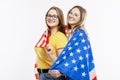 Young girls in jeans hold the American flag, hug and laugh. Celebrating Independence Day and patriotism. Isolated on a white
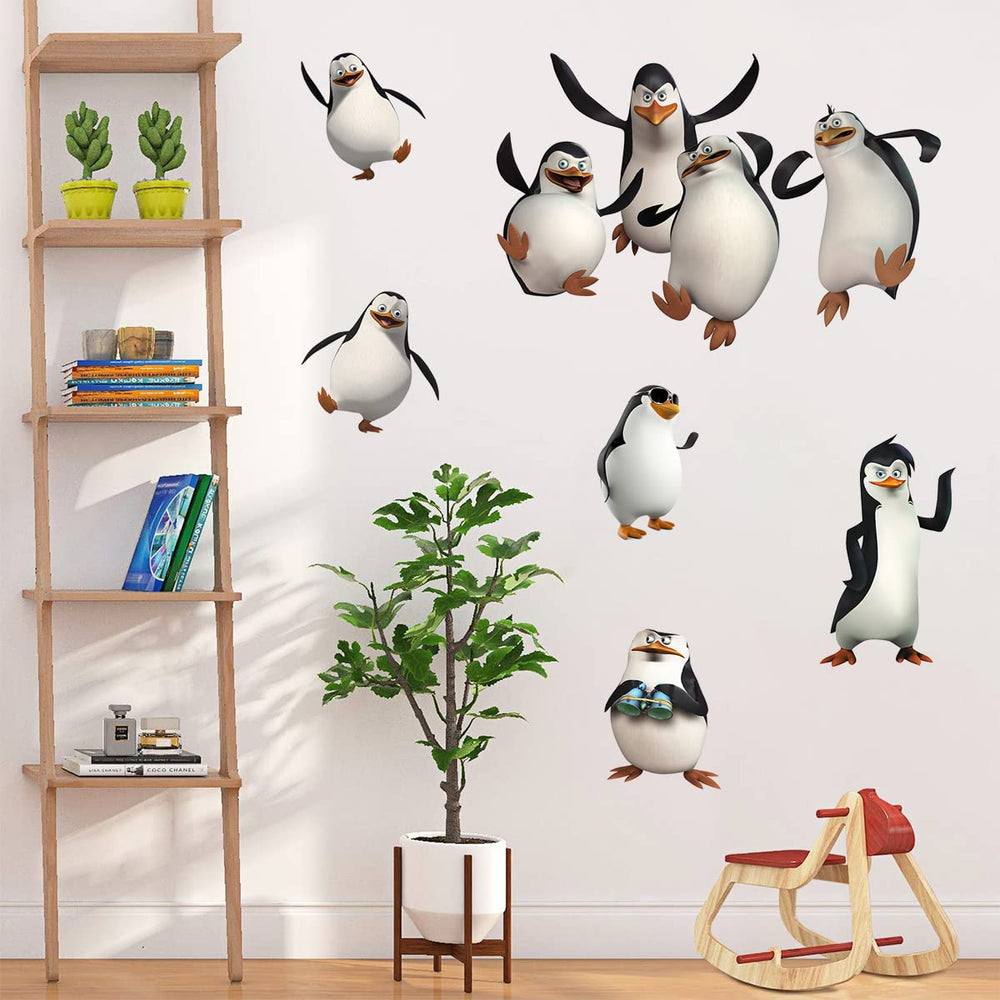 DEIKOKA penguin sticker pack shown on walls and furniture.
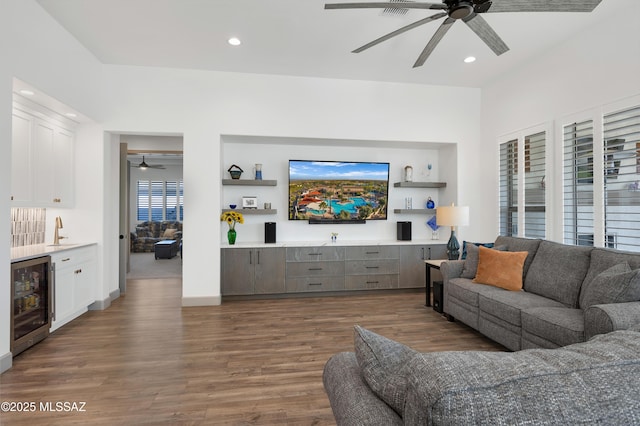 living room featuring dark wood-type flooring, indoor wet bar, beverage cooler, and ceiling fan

### WHAT THE EXERCISE ASKS
Repeat each line of the listing word for word, from the first through the line that contains "DEIKOKA penguin sticker". Any picture stays out.

### ANSWER
 Young girls in jeans hold the American flag, hug and laugh. Celebrating Independence Day and patriotism. Isolated on a white
 DEIKOKA penguin sticker pack shown on walls and furniture.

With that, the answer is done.